A New Zealand adventure
With my family in tow, I moved to New Zealand where I continued my masters degree under the eye of John Hattie. I worked as an itinerant teacher of learning and behaviour and again puzzled over why so many students fail to grasp the basics in their first year of school and needed intervention, recovery and remedial work – sometimes for the rest of their school lives. During this time I worked as a tutor in the Department of Education at Auckland University.
Later in my sojourn in New Zealand, I took up as Head of the Department of Bridging Education, offering bridging education courses to students wanting to return to university and tertiary studies. Under my wing I had two adult literacy centres. Again, I was back working with adults with learning problems. It was during this time that I developed a course for teacher aides and also developed and taught Level 7 teaching courses for the Maori Education Department.

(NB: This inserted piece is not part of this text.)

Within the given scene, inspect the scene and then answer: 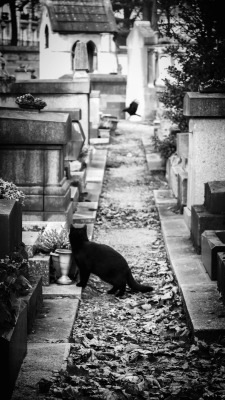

Going out on my own across the Tasman
In 1996 I started my own business providing professional development throughout New Zealand. By this stage I had published The Brann Analysis Grid for Spelling, The Brann Analysis Grid for Reading, the Teacher Aide Handbook and The Magic Caterpillar Handwriting Process. I had also published numerous papers and written articles for various educational publications including NZCER. I was also being asked to present at conferences and to participate in training days in schools.
A return to Australia
A personal challenge in my family in the diagnosis of cystic fibrosis in my second grandchild saw me return to Australia in 1998. I took my business with me and since then – twenty plus years – I have been presenting at conferences, delivering professional development and consulting to schools all over Australia and New Zealand and overseas, including Thailand, Qatar and the United Arab Emirates (UAE). My publications have grown in number and complexity with some being used as textbooks in universities.
I now travel constantly, although more recently, I’ve completed stints as principal in remote indigenous schools in the Northern Territory. Unbelievably, I have worked in almost 50 different indigenous communities throughout Australia, providing me with a unique and deep insight into the needs of students attending these schools.
While I’ve been in hundreds of schools across the globe and talked to thousands of teachers, my sincerest desire to to have positively impacted the learning of tens of thousands of children.